Institut für die Kulturen des Alten Orients

Tontafelfunde aus Bakr Awa

Prof. Dr. Wiebke Meinhold
Projektlaufzeit: 2021-2023

Der Fundort Bakr Awa liegt in der autonomen Region Kurdistan im Nordosten des Irak zwischen den modernen Städten Sulajmanija und Halabdscha. Der Haupthügel erhebt sich bis zu 40 m über der Shahrizor-Ebene in den Ausläufern des Zagros-Gebirges. Umgeben ist er von einer ca. 800 × 600 m großen Unterstadt. Im östlichen Bereich der Unterstadt kamen 1960-61 bei Grabungen des irakischen Antikendienstes in einem großen Bauwerk der spätbronzezeitlichen Schicht 24 Tontafeln und Tontafelfragmente zu Tage. Weitere 17 Tontafeln fand 2013-14 ein Grabungsteam der Universität Heidelberg unter Leitung von Prof. Dr. Peter Miglus im Schutt, der wohl während Bauarbeiten an einem islamischen Gebäude (etwa 12.-13. Jh. n. Chr.) verlagert wurde. Aufgrund inhaltlicher Übereinstimmungen besteht die Möglichkeit, dass alle Textfunde ursprünglich ein und demselben Archiv entstammen, das aufgrund von Paläografie und C14-Datierung wahrscheinlich in das 15. Jahrhundert v. Chr. zu datieren ist.

Die Textfunde umfassen Verwaltungsurkunden, gesiegelte Bullen, eine Zeugenliste – vermutlich Teil einer Rechtsurkunde –, einen Brief, eine Hemerologie (Matouš 1961, Sumer 17, 17-66), Opferschauomina und -gebete sowie ein Fragment der Weidnerschen Götterliste, das deutlich ältere, evtl. archaisierende Zeichenformen aufweist.

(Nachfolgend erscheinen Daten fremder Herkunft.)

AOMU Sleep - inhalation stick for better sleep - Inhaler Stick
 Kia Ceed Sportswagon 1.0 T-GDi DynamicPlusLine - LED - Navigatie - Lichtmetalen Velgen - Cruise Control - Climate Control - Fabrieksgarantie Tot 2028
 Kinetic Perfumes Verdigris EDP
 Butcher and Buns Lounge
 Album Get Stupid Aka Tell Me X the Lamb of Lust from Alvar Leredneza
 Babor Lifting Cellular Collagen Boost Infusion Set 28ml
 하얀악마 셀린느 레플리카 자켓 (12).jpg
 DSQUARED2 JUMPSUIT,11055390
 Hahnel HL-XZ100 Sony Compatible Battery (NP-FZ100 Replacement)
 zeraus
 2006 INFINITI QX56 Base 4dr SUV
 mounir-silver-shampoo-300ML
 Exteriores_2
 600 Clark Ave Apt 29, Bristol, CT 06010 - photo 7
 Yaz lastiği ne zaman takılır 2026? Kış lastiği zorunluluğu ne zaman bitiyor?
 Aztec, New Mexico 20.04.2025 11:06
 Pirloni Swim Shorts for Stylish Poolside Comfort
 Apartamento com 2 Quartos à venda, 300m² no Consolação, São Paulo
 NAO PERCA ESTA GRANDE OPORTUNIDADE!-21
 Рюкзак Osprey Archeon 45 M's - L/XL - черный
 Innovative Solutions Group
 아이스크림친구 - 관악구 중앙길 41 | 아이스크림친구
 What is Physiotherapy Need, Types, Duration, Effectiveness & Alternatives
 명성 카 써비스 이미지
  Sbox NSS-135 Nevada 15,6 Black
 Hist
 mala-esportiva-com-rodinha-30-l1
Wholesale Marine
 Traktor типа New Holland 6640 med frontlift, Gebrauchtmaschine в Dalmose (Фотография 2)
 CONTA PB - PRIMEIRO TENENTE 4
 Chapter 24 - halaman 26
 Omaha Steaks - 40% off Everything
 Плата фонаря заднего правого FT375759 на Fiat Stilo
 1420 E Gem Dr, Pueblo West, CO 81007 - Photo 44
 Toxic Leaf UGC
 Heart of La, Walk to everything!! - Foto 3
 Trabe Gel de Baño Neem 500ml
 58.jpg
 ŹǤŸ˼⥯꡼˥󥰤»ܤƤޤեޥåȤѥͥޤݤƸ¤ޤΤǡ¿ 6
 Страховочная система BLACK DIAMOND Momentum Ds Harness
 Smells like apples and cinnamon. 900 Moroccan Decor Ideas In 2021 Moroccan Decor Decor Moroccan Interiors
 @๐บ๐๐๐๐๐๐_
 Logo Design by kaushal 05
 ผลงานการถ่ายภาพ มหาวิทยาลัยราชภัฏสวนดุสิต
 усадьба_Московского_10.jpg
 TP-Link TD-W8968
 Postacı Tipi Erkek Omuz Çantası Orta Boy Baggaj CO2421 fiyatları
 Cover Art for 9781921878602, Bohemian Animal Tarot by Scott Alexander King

In einigen Verwaltungsurkunden sind zahlreiche kleinere Ortschaften erwähnt, die unter der Aufsicht von Verwaltungsbeamten für die Feldbestellung im Umland von Bakr Awa verantwortlich waren und die Stadt mit Getreide versorgten. Der Haushalt, aus dem diese Urkunden stammen, war offenbar eine Verwaltungseinheit größeren Maßstabs, möglicherweise eine Herrscherresidenz. Dafür sprechen auch die Hemerologie und die Opferschautexte: Sie enthalten Herrschaftswissen, das uns regelmäßig als Bestandteil von Palast-, Tempel- oder Gelehrtenbibliotheken überliefert ist. Die Opferschautexte sind zudem dadurch interessant, dass sie neue Quellen zu der in Mesopotamien nur selten bezeugten Opferschautechnik anhand von Vögeln bieten.

Eine weitere Gruppe von Fragmenten verdient besonderes Augenmerk: Sie enthält Texte in hurritischer Sprache. Ihr Inhalt entzieht sich - bedingt durch Quellenlage und Forschungsstand zum Hurritischen - bislang noch dem Verständnis. Ihre Struktur aber deutet möglicherweise auf Texte literarischen Inhalts, da sie rhetorische Figuren wie Repetition und Chiasmus aufweisen. An der Bearbeitung der hurritischen Texte ist Prof. Dr. Gernot Wilhelm (Universität Würzburg) maßgeblich beteiligt.

Das Projekt hat die Edition und inhaltliche Erschließung aller Textfunde aus Bakr Awa zum Ziel. Bereits jetzt zeigt sich anhand des Textmaterials, dass sich Bakr Awa im Einflussbereich des hurritischen Reiches von Mittani befand. Das Formular der Urkunden findet jedoch auch deutliche Parallelen in Assur und Dur-Katlimmu. Sprache, Schrift und die Fragmente überlieferter Literaturwerke zeigen babylonischen Einfluss. Somit weist das Schrifttum aus Bakr Awa eine Mischung unterschiedlicher Einflüsse auf, was der Lage des Fundorts zwischen den Großreichen Babylonien und Mittani sowie dem später in Nordmesopotamien entstehenden Assyrien Rechnung trägt.